Histoire philosophique et politique des établissemens et du commerce des Européens dans les deux Indes/Livre XI/Chapitre 1


I. Les Européens établis dans les iſles de l’Amérique, vont chercher des cultivateurs en Afrique.

Nous avons vu d’immenſes contrées envahies & dévaſtées ; leurs innocens & tranquilles habitans, ou maſſacrés, ou chargés de chaînes ; une affreuſe ſolitude s’établir ſur les ruines d’une population nombreuſe ; des uſurpateurs féroces s’entr’égorger & entaſſer leurs cadavres ſur les cadavres de leurs victimes. Quelle ſera la ſuite de tant de forfaits ? Les mêmes, les mêmes, ſuivis d’un autre moins ſanglant peut-être, mais plus révoltant : le commerce de l’homme vendu & acheté par l’homme. Ce ſont principalement les iſles de l’Amérique qui ont excité à ce commerce abominable ; & l’on va voir comment ce malheur eſt arrivé.

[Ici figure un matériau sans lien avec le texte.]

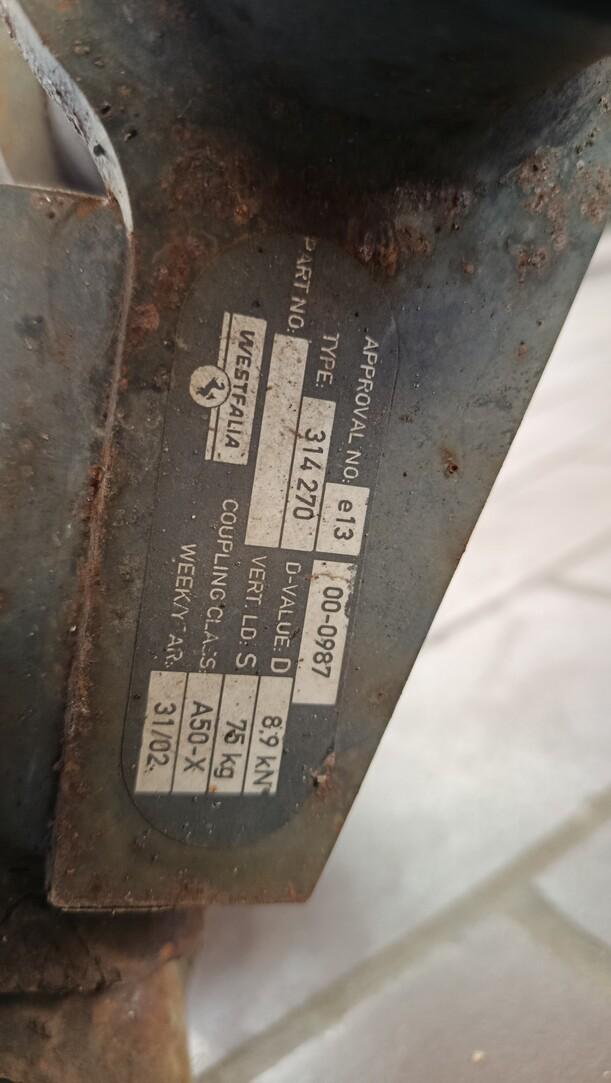Foto: ANHÄNGERZUGVORRICHTUNG eines Opel Zafira 1.8 16V Special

Quelques vagabonds inquiets, la plupart flétris par les loix ou ruinés par leurs débauches, imaginent, dans leur déſeſpoir, d’attaquer des vaiſſeaux Eſpagnols ou Portugais, richement chargés des dépouilles du Nouveau-Monde. Des iſles ſauvages, qui, par leur ſituation, aſſurent le ſuccès de ces pirateries, ſervent de repaire à ces brigands, & deviennent bientôt leur patrie. Accoutumés au meurtre, ils méditent la deſtruction du peuple ſimple & confiant, qui les avoit accueillis avec humanité ; & les nations policées, dont les Flibuſtiers étoient le rebut, adoptent ſans balancer ce projet exécrable : il eſt exécuté. Mais il s’agiſſoit de rendre utiles tant de crimes. L’or & l’argent, qu’on n’avoit pas encore ceſſé de regarder comme les ſeules productions précieuſes qu’on pût tirer de l’Amérique, n’avoient jamais exiſté dans pluſieurs de ces acquiſitions, ou n’y exiſtoient plus en aſſez grande abondance, pour qu’il y eût de l’avantage à les extraire. Quelques ſpéculateurs, moins aveuglés par les préjugés que la multitude, pensèrent qu’un ſol & un climat ſi différens des nôtres, pourroient nous fournir des denrées qui manquoient à notre bonheur, ou que nous étions obligés de payer trop cher ; & ils proposèrent d’y en établir la culture. Des obſtacles, en apparence invincibles, s’oppoſoient à l’exécution de ce plan. Les anciens habitans du pays n’étoient plus ; & quand ils n’auroient pas été exterminés, la foibleſſe de leur tempérament, l’habitude du repos, une averſion inſurmontable pour le travail, n’euſſent guère permis d’en faire des inſtrumens propres à ſervir l’avidité de leurs oppreſſeurs. Ces barbares eux-mêmes, nés dans un climat tempéré, ne pouvoient ſoutenir les travaux pénibles d’un défrichement ſous un ciel brillant & mal-ſain. L’intérêt, fertile en expédiens, imagina d’aller demander des cultivateurs à l’Afrique, qui a toujours été dans l’uſage vil & inhumain de vendre ſes habitans.

L’Afrique eſt une région immenſe qui ne tient à l’Aſie que par une langue de terre de vingt lieues, qu’on nomme l’iſthme de Suez ; lien phyſique & barrière politique, que la mer doit rompre tôt ou tard, par cette pente qu’elle a de faire des golfes & des détroits à l’Orient. Cette preſqu’iſle, coupée par l’équateur en deux parties inégales, forme un triangle irrégulier, dont un des côtés regarde l’Orient, l’autre le Nord, & le troiſième l’Occident.